┌─ Provided data
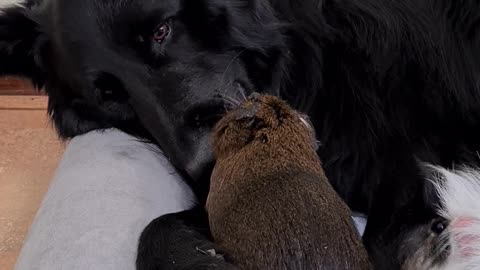 Unlikely Friends Keeping Each Other Clean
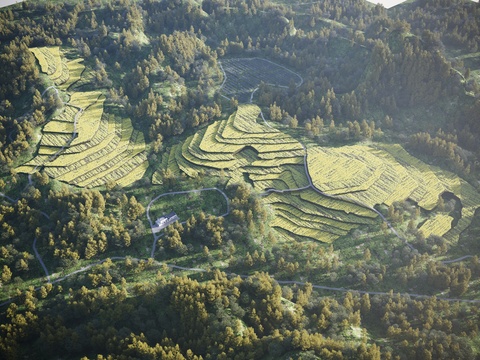  山地景观梯田3d模型 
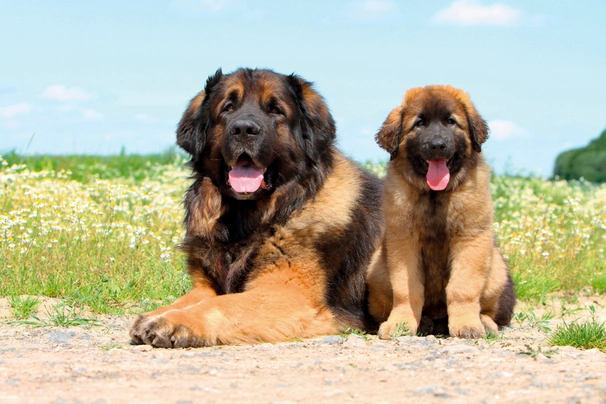 Leonberger Dogs Informace - velikost, povaha, délka života & cena | iFauna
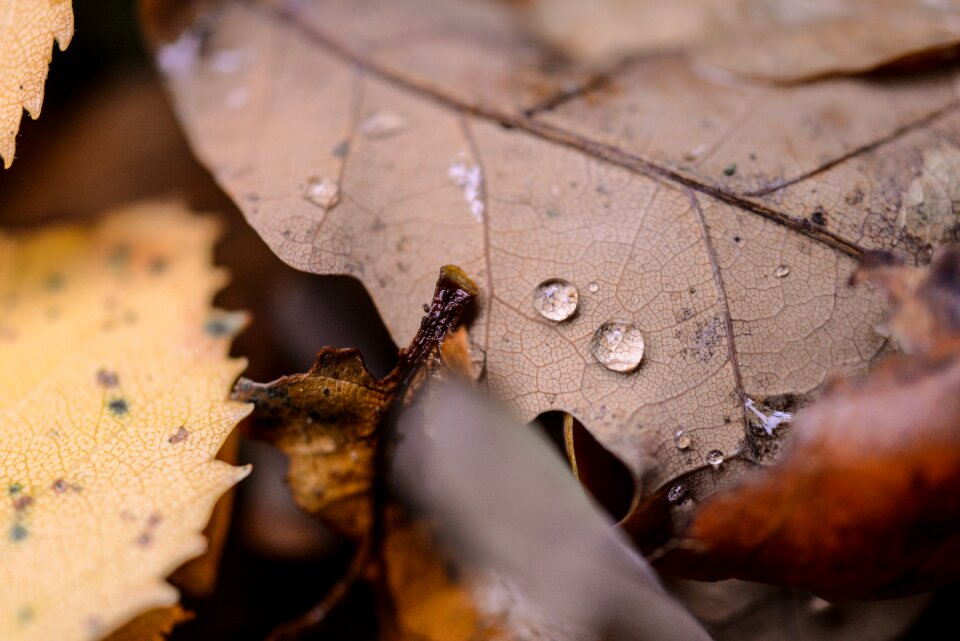 Macro autumn leaves photo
└─
Exercise objective: Repeat the listing above word for word and leave its images out.

Result for this exercise:
 Unlikely Friends Keeping Each Other Clean
  山地景观梯田3d模型 
 Leonberger Dogs Informace - velikost, povaha, délka života & cena | iFauna
 Macro autumn leaves photo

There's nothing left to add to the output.